Tratto da: "Il Corriere della Sera". Una situazione quasi apocalittica di un Paese che è tenuto in piedi non si sà il perchè. Un dramma sociale che molto probabilente sarà condannata a patire anche l'Italia... Buona lettura.
CRIMINALITA' E DISOCCUPAZIONE- Così sopravvivere da queste parti non è facile. «Almeno 30mila negozi hanno chiuso solo in centro. Per intenderci uno su tre. I suicidi sono aumentati del 40 per cento. Il 20 per cento delle persone ha perso il lavoro. Altrettante vivono sotto la soglia di povertà», Greg Chrisohidis, fotografo 39enne dai lunghi capelli corvini, snocciola le cifre che vengono ripetute sui giornali.

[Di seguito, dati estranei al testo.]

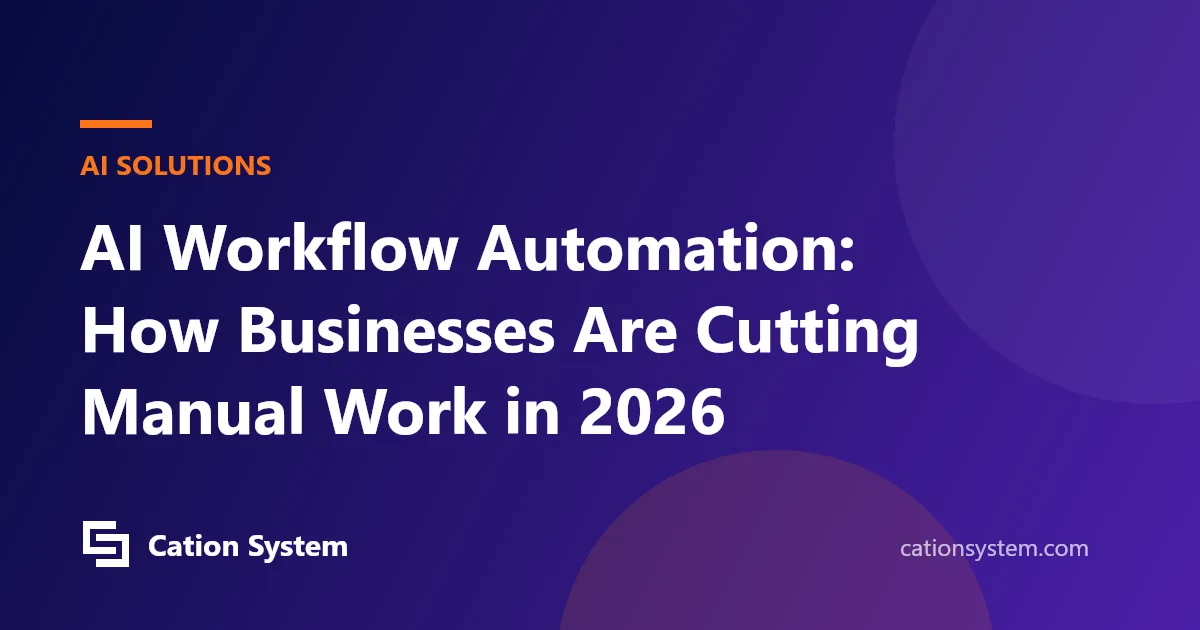 AI Workflow Automation: How Businesses Are Cutting Manual Work in 2026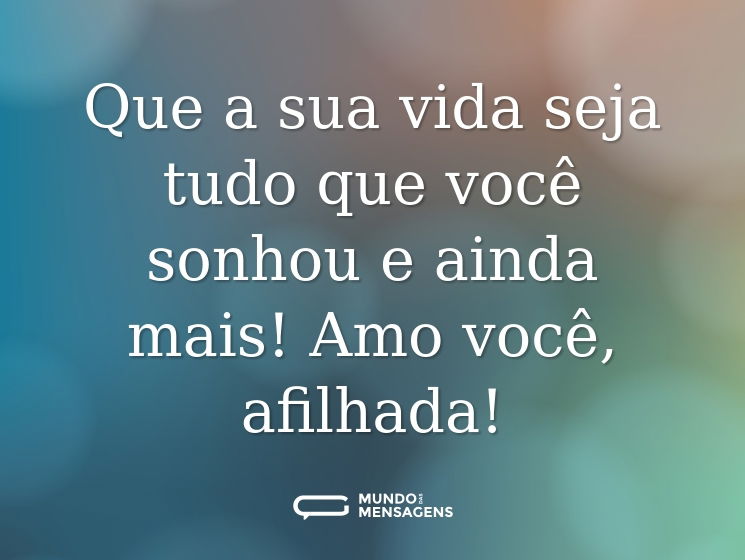 Que a sua vida seja tudo que você sonhou e ainda mais! Amo você, afilhada!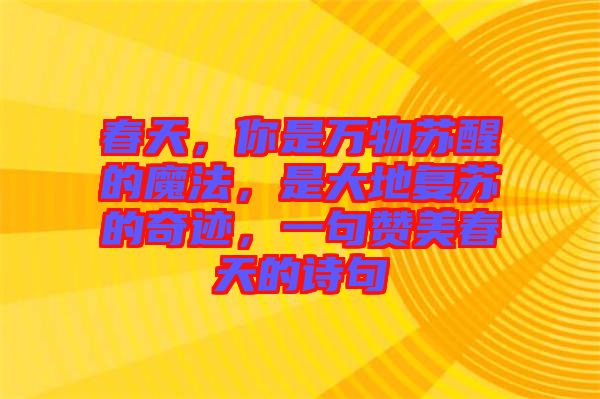 春天，你是萬(wàn)物蘇醒的魔法，是大地復(fù)蘇的奇跡，一句贊美春天的詩(shī)句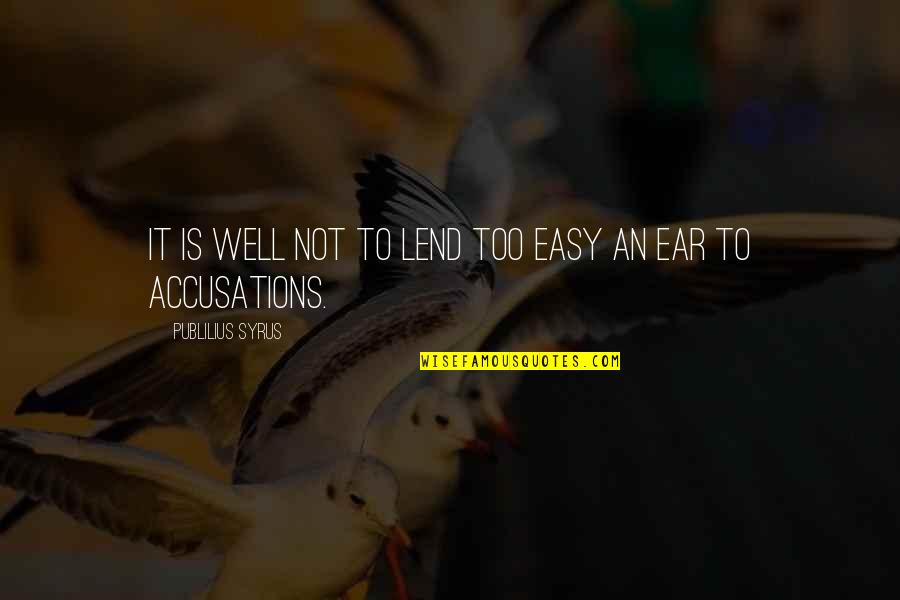 Accusations Quotes By Publilius Syrus: It is well not to lend too easy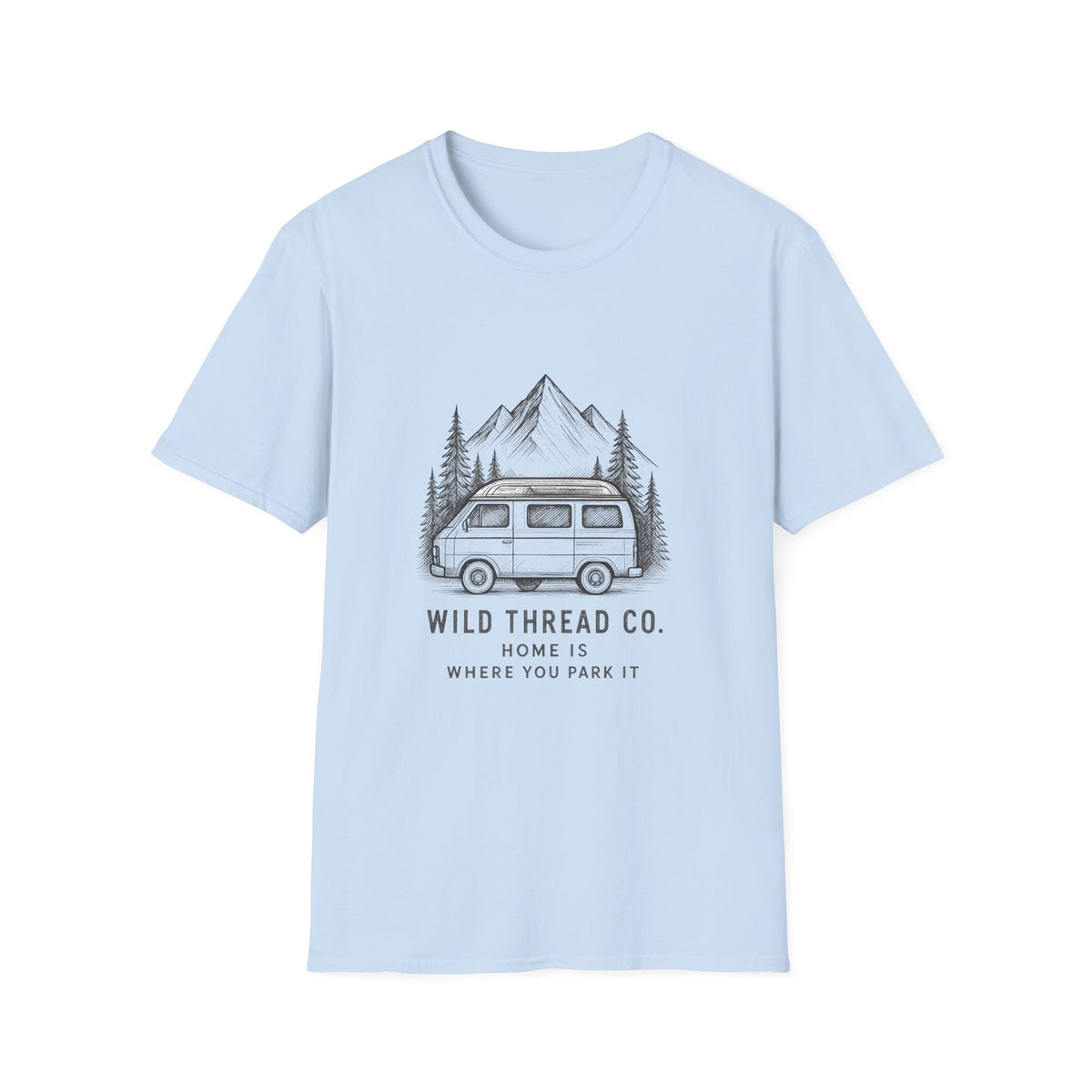 Home Is Where You Park It T-Shirt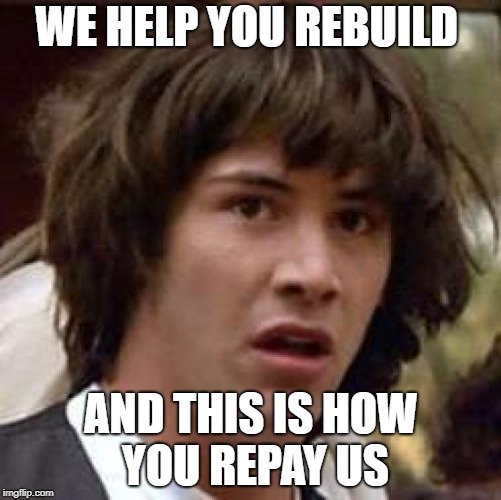 Conspiracy Keanu Meme | WE HELP YOU REBUILD; AND THIS IS HOW YOU REPAY US | image tagged in memes,conspiracy keanu | made w/ Imgflip meme maker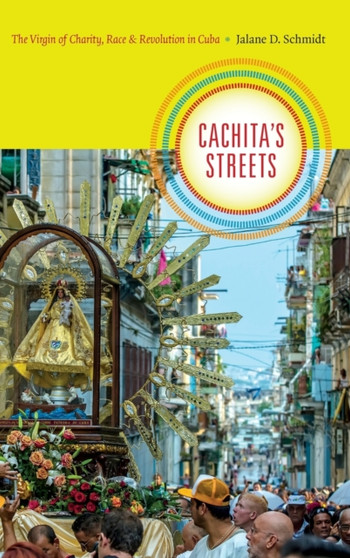 Cachita's Streets : The Virgin of Charity, Race, and Revolution in Cuba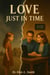 Love, Just in Time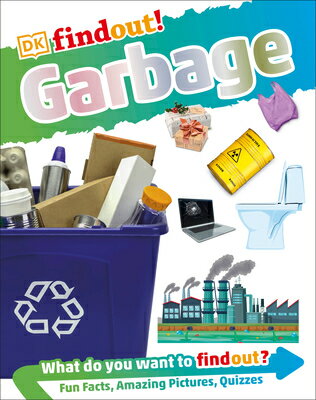 ŷ֥å㤨Dkfindout! Garbage (Library Edition DKFINDOUT GARBAGE (LIBRARY EDI DK Findout! [ DK ]פβǤʤ2,692ߤˤʤޤ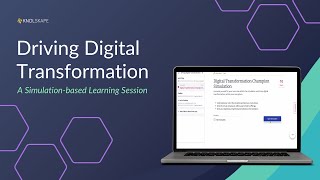 Driving Digital Transformation – a simulationbased learning session by KNOLSKAPE [upl. by Noraa]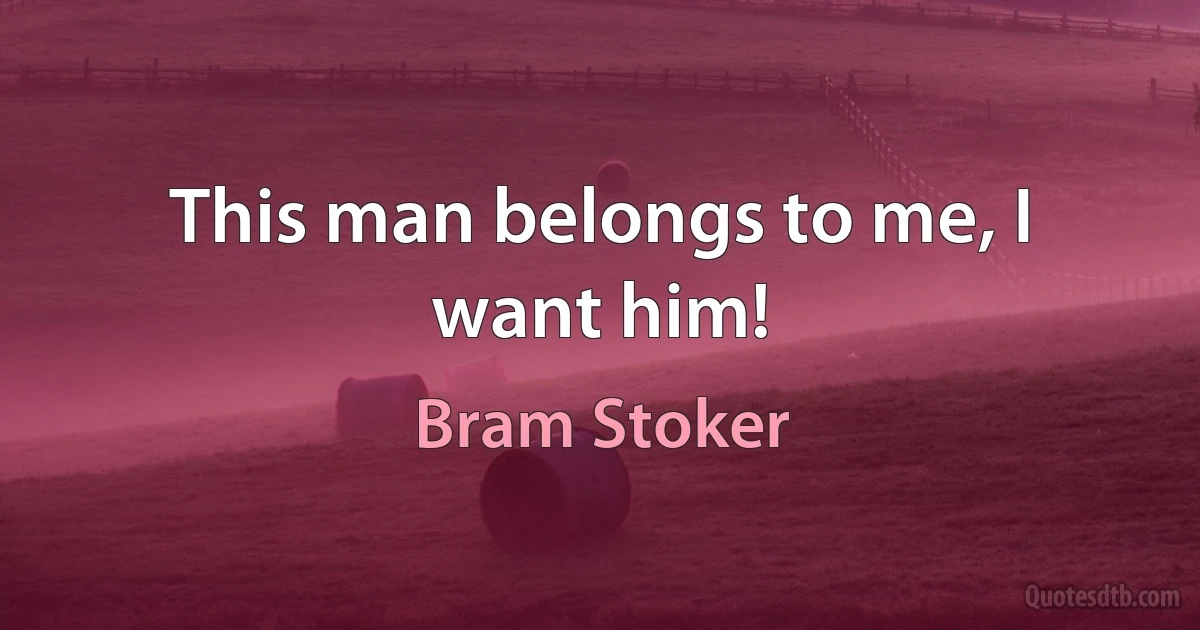 This man belongs to me, I want him! (Bram Stoker)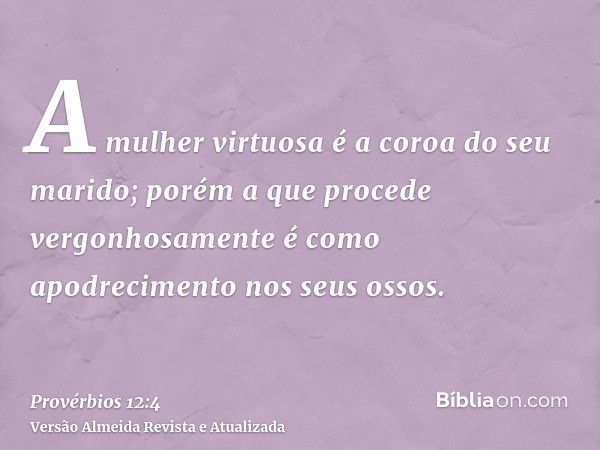 A mulher virtuosa é a coroa do seu marido; porém a que procede vergonhosamente é como apodrecimento nos seus ossos.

I numeri possono essere asettici, «ma questa è macelleria sociale». E le ricadute si vedono dovunque, anche in Pireus street, dove migliaia di greci si mettono in fila per un pasto da portare via in un sacchetto azzurro. Si vedono camminare per le strade del centro che oramai è stato diviso tra bande e immigrati che pensavano di trovare lavoro in Europa. E invece sono costretti a rimanere in Grecia. Senza un lavoro. Si sono spartiti il territorio dello spaccio e della prostituzione. Una dose di eroina, così come qualche minuto in compagnia, costa cinque euro, la stessa cifra che si paga per due souvlaki (spiedini). E quando cala la sera non c’è greco che possa passare indenne da queste vie. La criminalità (al 9 per cento nel 2009) è raddoppiata in due anni. Le strade male illuminate rendono il centro poco papabile per turisti e uomini d’affari. Con il risultato che migliaia di compagnie hanno abbandonato i loro uffici e almeno 18 alberghi intorno a Omonia hanno chiuso. Il cuore di Atene ha smesso di battere con questo esodo.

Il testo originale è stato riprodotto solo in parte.